Italian map of "European Tataria" (1684). Dnieper Ukraine is marked as "Vkraine or the land of Zaporozhian Cossacks" (Vkraina o Paese de Cossachi di Zaporowa). In the east there is "Vkraine or the land of Don Cossacks, who are dependent on Muscovy" (Vkraina overo Paese de Cossachi Tanaiti Soggetti al Moscovita).

Ukraine (Україна) is the official full name of the country, as stated in the Ukrainian Declaration of Independence and Constitution; there is no official alternative long name. From 1922 until 1991, "Ukraine" (also "the Ukraine") was the name of the territory of the Ukrainian Soviet Socialist Republic (Украї́нська Радя́нська Соціалісти́чна Респу́бліка, Ukrayins'ka Radyans'ka Sotsialistychna Respublika) within the Soviet Union (annexed by Germany as Reichskommissariat Ukraine during 19411944). After the Russian Revolution in 19171921, there were the short-lived Ukrainian People's Republic and Ukrainian State, recognized in early 1918 as consisting of nine governorates of the former Russian Empire (without Taurida's Crimean peninsula), plus Chelm and southern part of Grodno Governorate.[4]

History

Map of Eastern Europe by V. Coronelli (1690). The lands around Kyiv are shown as Vkraine ou pays des Cosaques ("Vkraine or the land of Cossacks"). In the east the name Okraina (Russian: "Borderland") is used for Russia's southern border.
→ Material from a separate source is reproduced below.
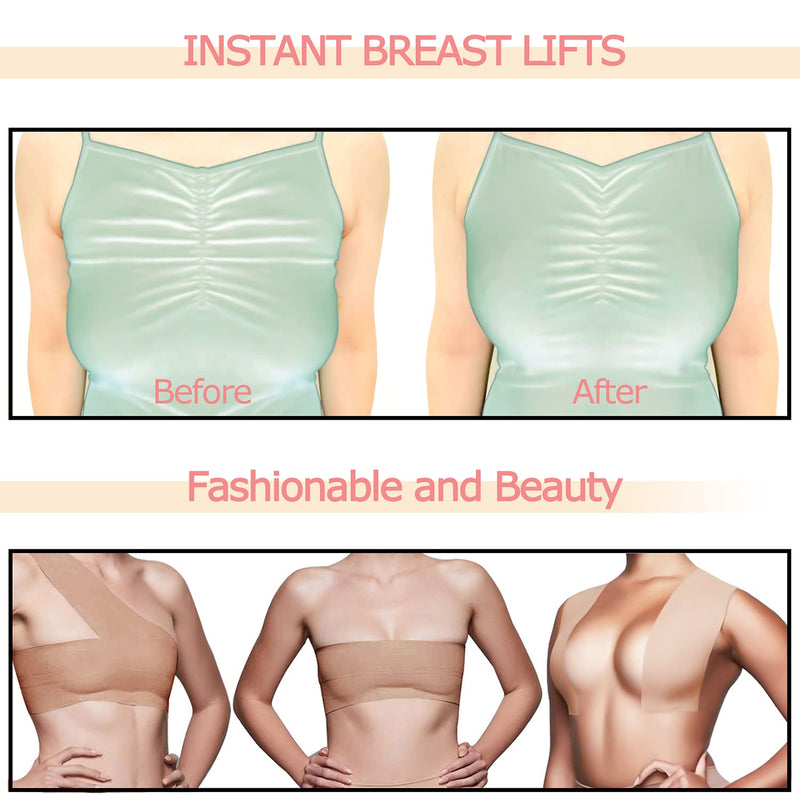 [Australia] - BEWTEIM Boob Tape for Breast Lift Boobytape, 1 Box Breast Tape Lifting with 2 PCS Nipple Cover Set, Breathable Nipple Tape 2 inch Adhesive Lift and Push Up Tape Black 1 Tape Black Color 2" x 16.5 ft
The oldest recorded mention of the word ukraina dates back to the year 1187. In connection with the death of the Volodymyr Hlibovych, the ruler of Principality of Pereyaslavl which was Kyïv's southern shield against the Wild Fields, the Hypatian Codex says "Oukraina groaned for him", ѡ нем же Оукраина много постона[5]o nem že Oukraina mnogo postona).[6] In the following decades and centuries this term was applied to fortified borderlands of different principalities of Rus' without a specific geographic fixation: Halych-Volhynia, Pskov, Ryazan etc.[7]:183[8]

After the south-western lands of former Rus' were subordinated to the Polish Crown in 1569, the territory from eastern Podillia to Zaporizhia got the unofficial name Ukraina due to its border function to the nomadic Tatar world in the south.[10] The Polish chronicler Samuel Grądzki who wrote about the Khmelnytsky Uprising in 1660 explained the word Ukraina as the land located at the edge of the Polish kingdom.[11] Thus, in the course of the 16th–18th centuries Ukraine became a concrete regional name among other historic regions such as Podillia, Severia, or Volhynia. It was used for the middle Dnieper territory controlled by the Cossacks.[7]:184[8] The people of Ukraina were called Ukrainians (українці, ukrajinci, or українники, ukrajinnyky).[12] Later, the term Ukraine was used for the Hetmanate lands on both sides of the Dnieper although it didn't become the official name of the state.[8]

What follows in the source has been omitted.